Gunfire by night becomes new norm in downtown Bangkok
Gunfire by night becomes new norm in downtown Bangkok
Shots fired by unknown gunmen on Wednesday rattled parts of the Thai capital where anti-government protesters have set up camp for weeks, with small but occasionally deadly bombs and gunfire fast becoming the new norm in the city.

Shots fired by unknown gunmen on Wednesday rattled parts of the Thai capital where anti-government protesters have set up camp for weeks, with small but occasionally deadly bombs and gunfire fast becoming the new norm in the city.

No one was wounded in the shootings in the central commercial area of Bangkok, although five people were killed in weekend violence in the city and the eastern province of Trat, four of them young children.

National security chief Paradorn Pattanathabutr said there had been no reported deaths or injuries in the incidents in the early hours of Wednesday.

"As for the perpetrators, we still don't know who they are," he told Reuters. "Recently we have been seeing more incidents like this happening more frequently ... It is noticeable that there are incidents like this every day."

The protesters, whose disruption of a general election this month left polarised Thailand in political paralysis, aim to topple Prime Minister Yingluck Shinawatra and erase the influence of her brother, ousted premier Thaksin Shinawatra, seen by many as the real power in the country.

The protesters want to set up an unelected "people's council" of the good and worthy to oversee vaguely defined political reforms, including a restructuring of the police force, before new elections are held.

Occasional contact between the two sides, amid calls for putting an end to the violence, has so far led to nothing.

Bluesky TV, the protesters' TV station, showed demonstrators pushing against the wrought iron gates of the national police headquarters in Bangkok, demanding the proper investigation of more than 20 deaths since the beginning of the protests.

Protesters have vilified the police as lackeys of Thaksin, himself a former police officer.

"We want the police to do their job honestly and straightforwardly," said Anchalee Paireerak, a protest leader and former television news anchor. "We urge them to stop serving the Thaksin regime and join our movement."
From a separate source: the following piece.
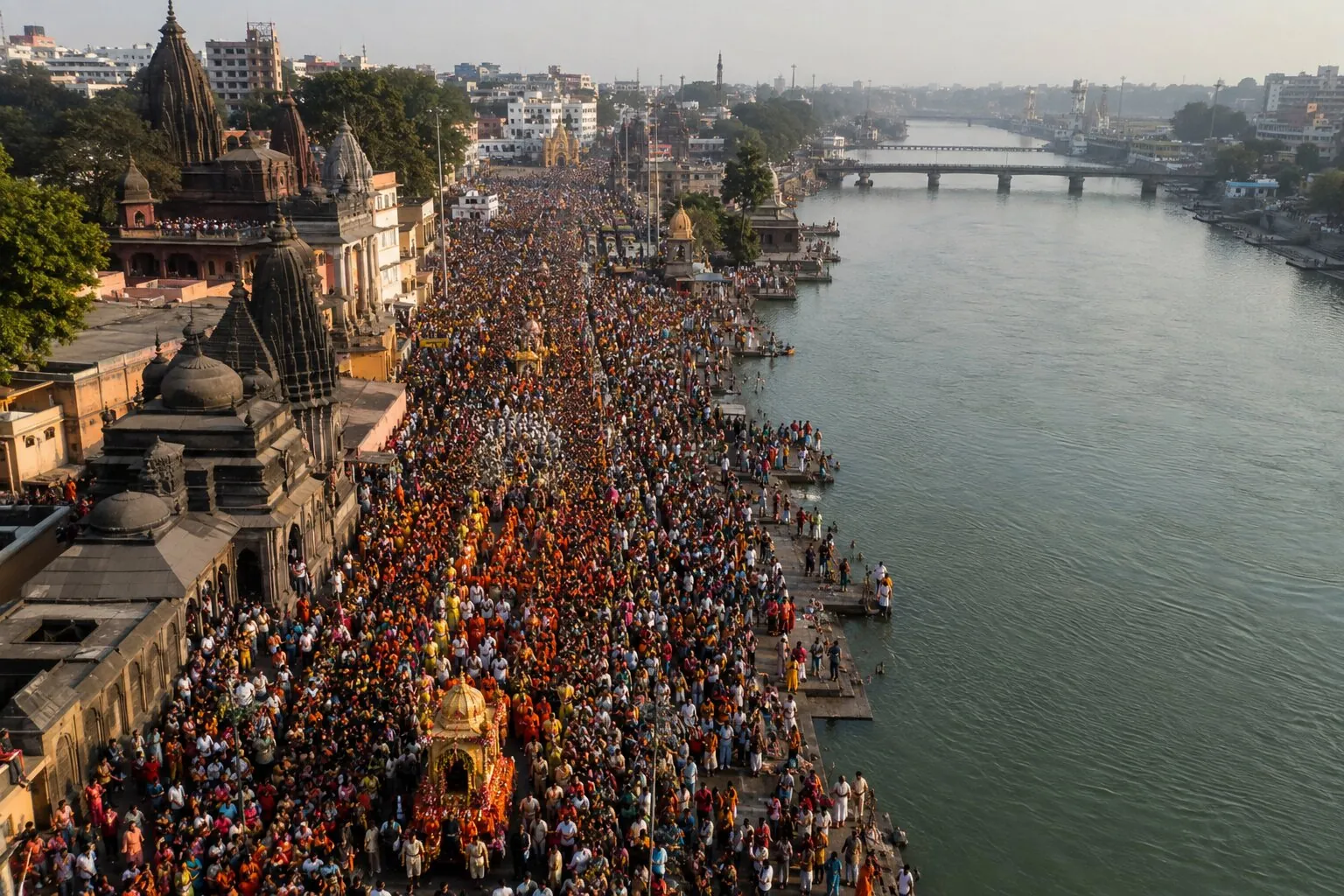 Shahi Snan bathing procession on the Godavari — Nashik Simhastha Kumbh Mela 2027 dates and schedule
Thailand announced a slump in trade figures on Tuesday, with the biggest drop in imports in more than four years in January, the political crisis extending its economic toll beyond falling tourism numbers.

Imports fell 15.5 percent in January from a year earlier, the biggest tumble since October 2009. Imports of computers and parts were down 19 percent from a year earlier, auto parts were off 31.8 percent and consumer goods down 5.3 percent. Exports dropped 2 percent.